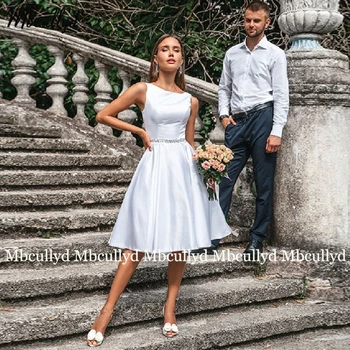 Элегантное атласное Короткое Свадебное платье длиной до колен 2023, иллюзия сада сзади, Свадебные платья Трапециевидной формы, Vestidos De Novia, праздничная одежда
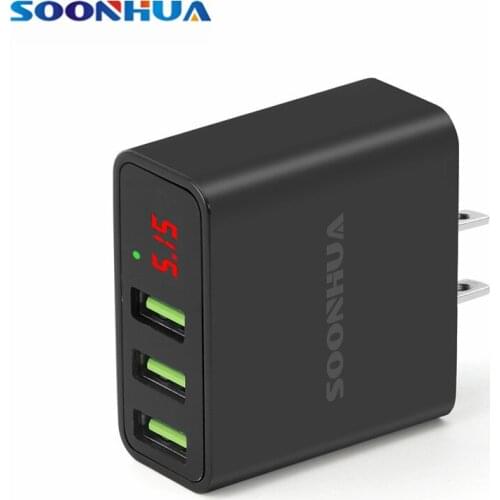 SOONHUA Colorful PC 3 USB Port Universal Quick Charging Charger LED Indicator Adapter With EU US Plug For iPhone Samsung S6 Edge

--

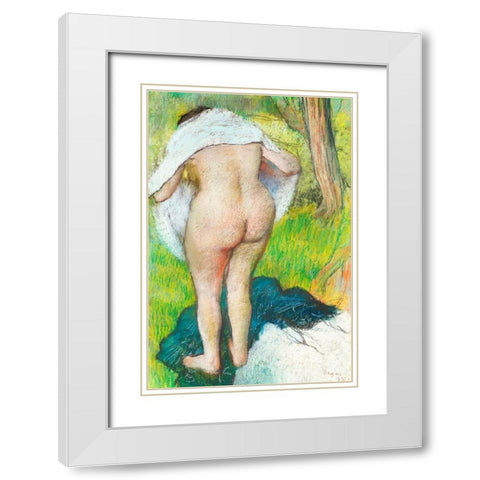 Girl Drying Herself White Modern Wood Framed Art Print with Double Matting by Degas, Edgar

* * *

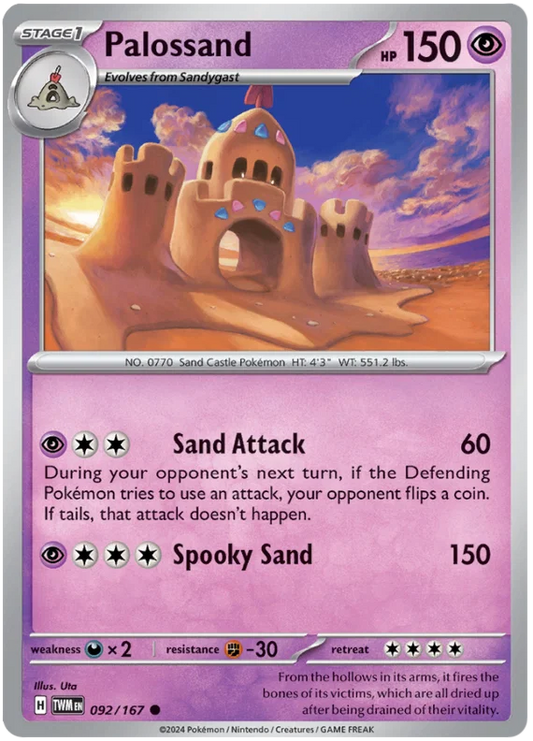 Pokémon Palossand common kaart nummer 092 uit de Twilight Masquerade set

_TASK OBJECTIVE:_
An exact copy is needed of the stretch above that opens with the line containing "Элегантное атласное Короткое" and closes with the line containing "SOONHUA Colorful PC"; the pictures are not part of it.

_RESPONSE FOR THIS EXERCISE:_
 Элегантное атласное Короткое Свадебное платье длиной до колен 2023, иллюзия сада сзади, Свадебные платья Трапециевидной формы, Vestidos De Novia, праздничная одежда
 SOONHUA Colorful PC 3 USB Port Universal Quick Charging Charger LED Indicator Adapter With EU US Plug For iPhone Samsung S6 Edge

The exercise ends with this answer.